Barr also doubled down on the Trump administration's insistence that "antifa," shorthand for anti-fascists, was responsible for inciting violence at protests across the country Thursday, but he made no specific mention of members of a far-right extremist group who were charged with conspiracy to cause destruction.
Asked by reporters why he mentioned antifa but not "Boogaloo," the far-right group, in his prepared remarks, Barr said he was dealing with "a witches' brew of a lot of different extremist organizations."
"I specifically said in addition to antifa and other extremist groups like antifa, there were a variety of groups and people of a variety of ideological persuasions. So I did make that point," Barr said. "There's a lot of disinformation out there, people posing as different members of the different groups. You sometimes have to dig a little deeper to determine exactly what's going on."

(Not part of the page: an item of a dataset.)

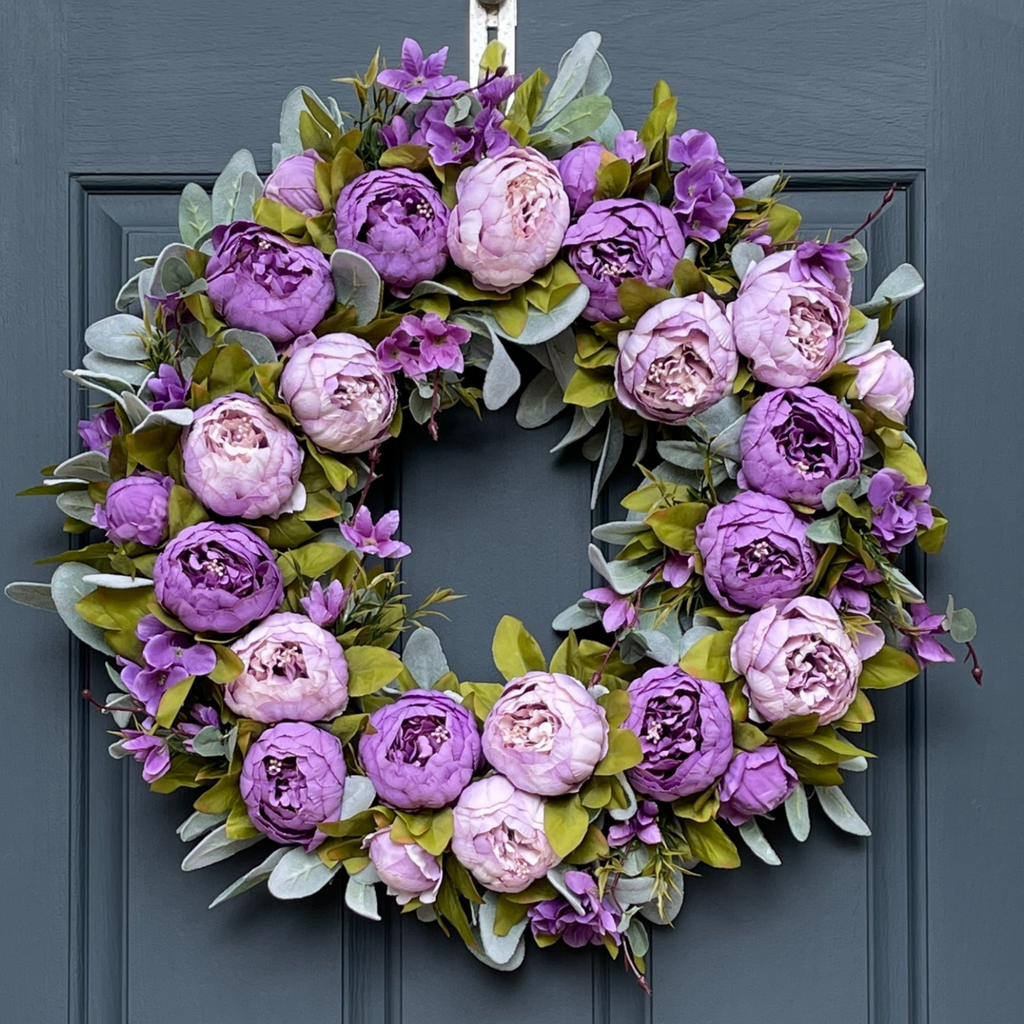 Purple Peony Spring Wreath - Handcrafted Grapevine Door Wreath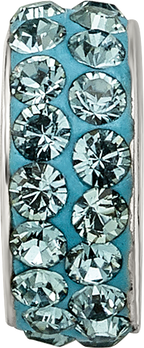 Sterling Silver 925 Bead with Double Row Blue Preciosa Crystals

Barr also said "foreign actors" were trying to take advantage of the protests and were "playing all sides to exacerbate the violence."
Barr acknowledged that "many African Americans lack confidence in our American criminal justice system," and he said he was working with local law enforcement officers and community leaders to "find constructive solutions so that Mr. Floyd's death will not have been in vain."